### Goal of the exercise
Exact copy, pictures excluded: print the lines from the one with "Grey and Purple" through the final line of the records.
┌─ Given data
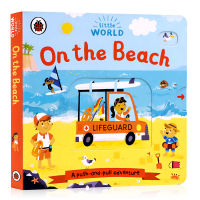 Original English picture book little world on the beach: on the basis of beach childrens scene enlightenment, cognition, parent-child reading puzzle picture story book, mechanism operation paperboard book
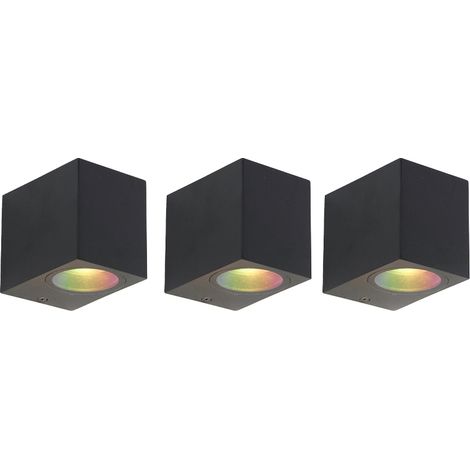 QAZQA Appliques baleno - Moderno - Acciaio inossidabile - Nero - Quadrato GU10 Max. 3 x 4.7 Watt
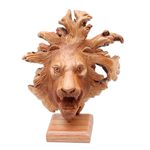 Wood sculpture, 'Emerging Lion' - Benalu Wood Lion Sculpture on Stand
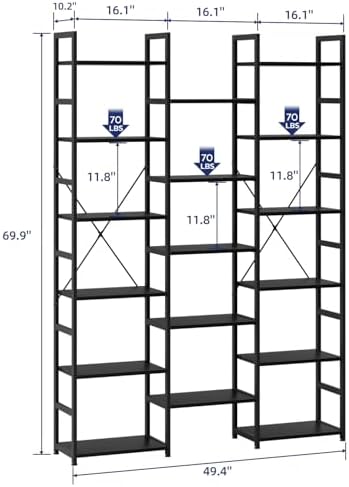 NUMENN Triple Column 6 Tier Bookshelf with 17 Adjustable Shelves, Black - Image 3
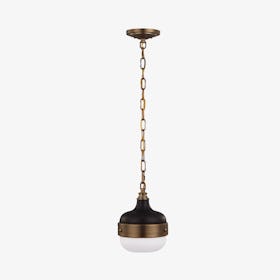 Cadence 1 Light Mini Pendant - Dark Antique Brass / Matte Black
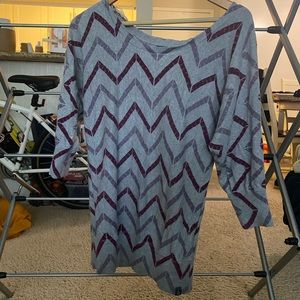 Grey and Purple North Face Sweater Size Medium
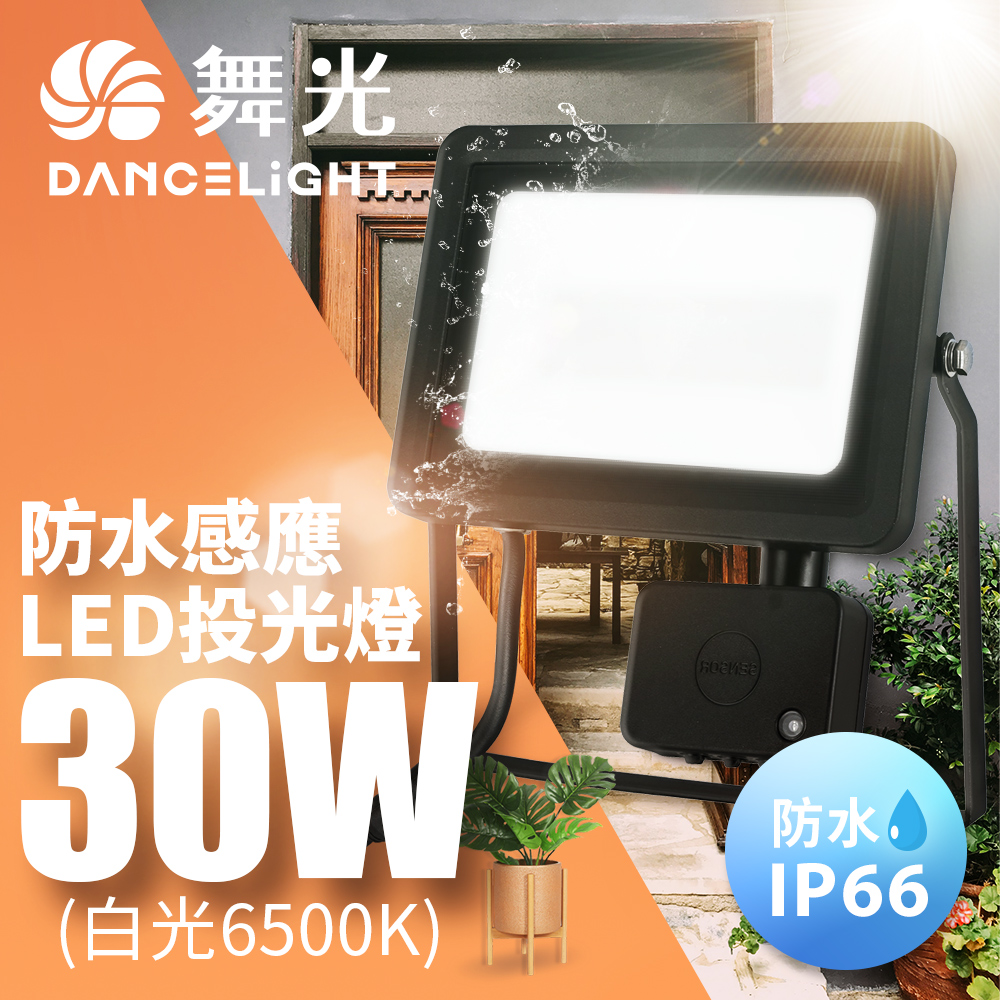 DanceLight microwave induction floodlight 30W IP66 waterproof anti-glare tempered glass (yellow light), , large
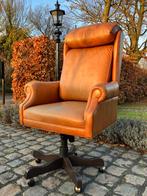 Grote comfortabele Vintage Ethan Allen office chair, Ophalen, Gebruikt, Bruin, Bureaustoel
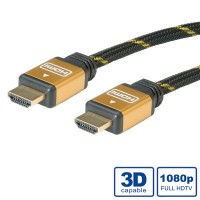 ROLINE GOLD HDMI High Speed Cable with Ethernet, HDMI M-M 1 m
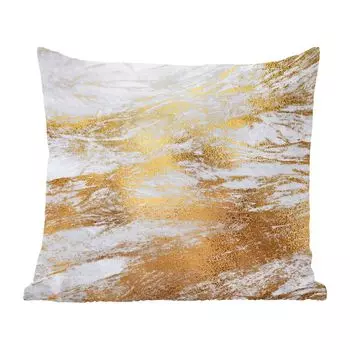 Декоративная подушка MuchoWow диванная подушка для гостиной декоративная подушка 60 x 60 см мрамор - узор - золотой - белый - чехол на подушку - хлопчатобумажная ткань - декоративные наволочки, мультиколор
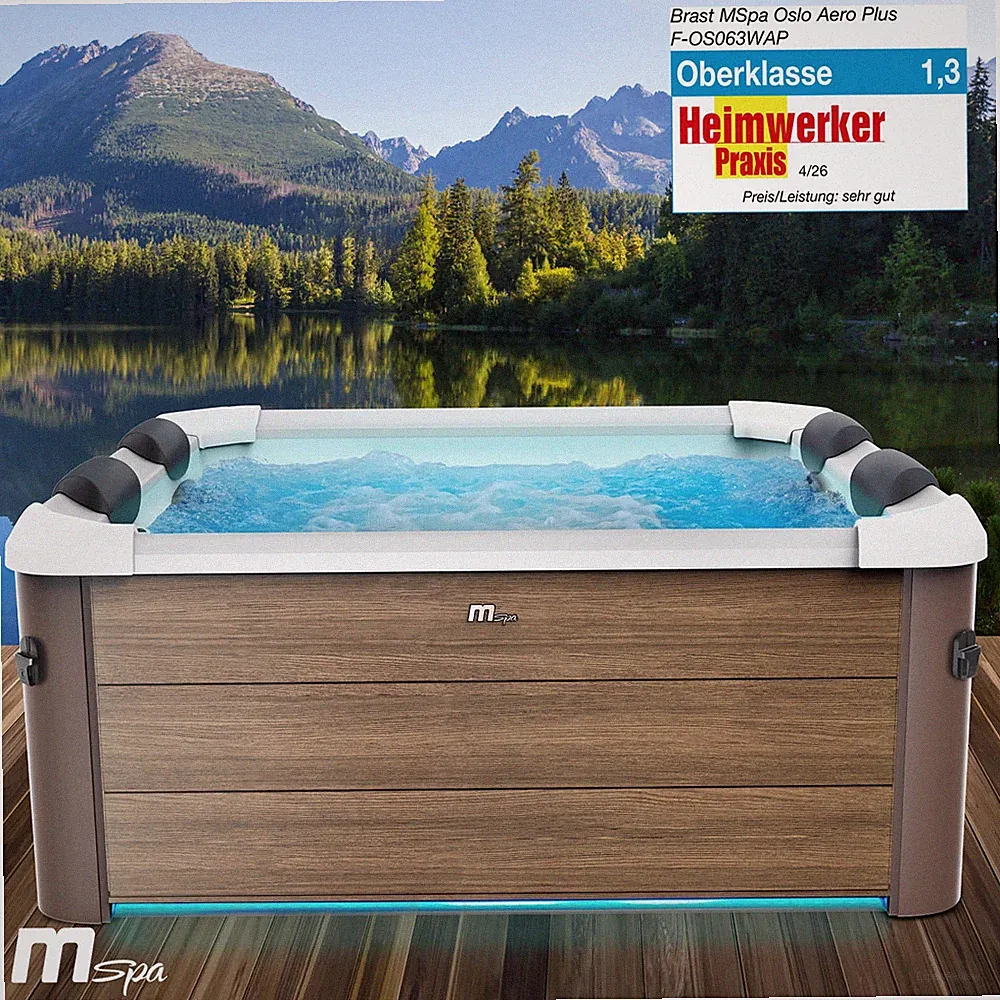 BRAST Whirlpool MSpa Amber Aero Plus 6 Personen 180x180x65cm | Feste Außenwand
└─
### Result
 Grey and Purple North Face Sweater Size Medium
 DanceLight microwave induction floodlight 30W IP66 waterproof anti-glare tempered glass (yellow light), , large
 Grote comfortabele Vintage Ethan Allen office chair, Ophalen, Gebruikt, Bruin, Bureaustoel
 ROLINE GOLD HDMI High Speed Cable with Ethernet, HDMI M-M 1 m
 Декоративная подушка MuchoWow диванная подушка для гостиной декоративная подушка 60 x 60 см мрамор - узор - золотой - белый - чехол на подушку - хлопчатобумажная ткань - декоративные наволочки, мультиколор
 BRAST Whirlpool MSpa Amber Aero Plus 6 Personen 180x180x65cm | Feste Außenwand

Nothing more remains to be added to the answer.